HARGEISA, 27 November 2009 (Somalilandpress) – As a naturalized citizen and IT specialist working with the US Department of Treasury at Martinsburg Computing Center in West Virginia, I have a reason to be thankful of where I am today.

Nearly 30 years ago, as a foreign student, I came to Upstate New York in search of education from a rural town in Somalia. Four years after obtaining a degree, I went back to my home country to re-unite with my extended family, contribute to my society, and settle in Mogadishu, the capital city. I remained there until January 1991, the beginning of a civil war.

One morning, I had to abruptly abandon my house after digging a hole in my front yard, burying few of my precious items. I had hoped to return soon and the war would quickly be over.

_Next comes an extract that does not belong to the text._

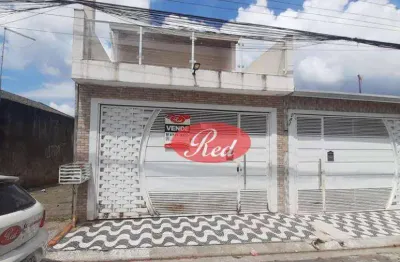 Casa com 3 dormitórios à venda, 150 m² por R$ 630.000,00 - Jardim Casa Branca - Suzano/SP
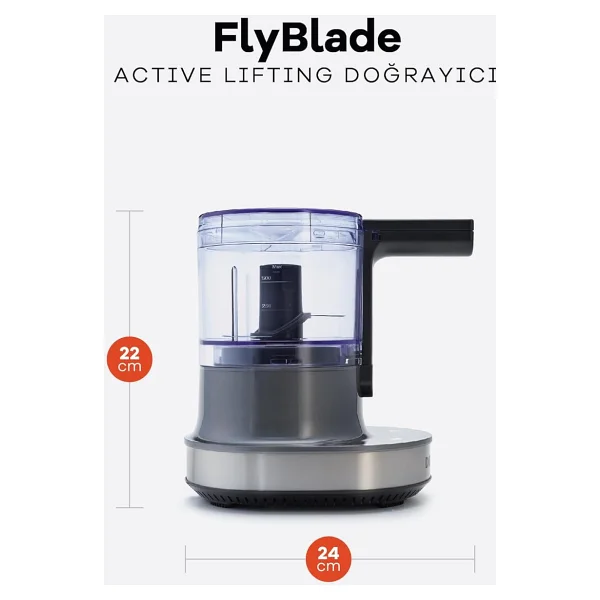 Dexart Mc-4423 Flyblade Active Lifting 300 W Rondo - Görsel 9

In search of a safe place, I headed south with my wife and two children, carrying one of the children on the top of my shoulders. After spending three harrowing days in a friend’s house with the fighting all over town, we decided to flee the city to a Southwest Somali town situated at the border crossing between Kenya and Somalia. We left our house and car to my uncle, who was determined to stay and protect his family and properties. It was sad to learn later, that a day after I left, my uncle was taken away by gunmen and was never seen again. He was presumably killed.

In this hot, sandy town, a relative offered us a shelter made of mud and tree branches. I stayed there until fighting broke out between local feuding clans. One day, an artillery shell hit the house and split it into two when members of the family were looking for cover. We all ran to different directions not knowing that we left behind the children, one of them an infant. People were running toward the border of Kenya against a hail of bullets coming from Kenyan soldiers. I could see half a dozen people falling on the ground shot and bleeding to death.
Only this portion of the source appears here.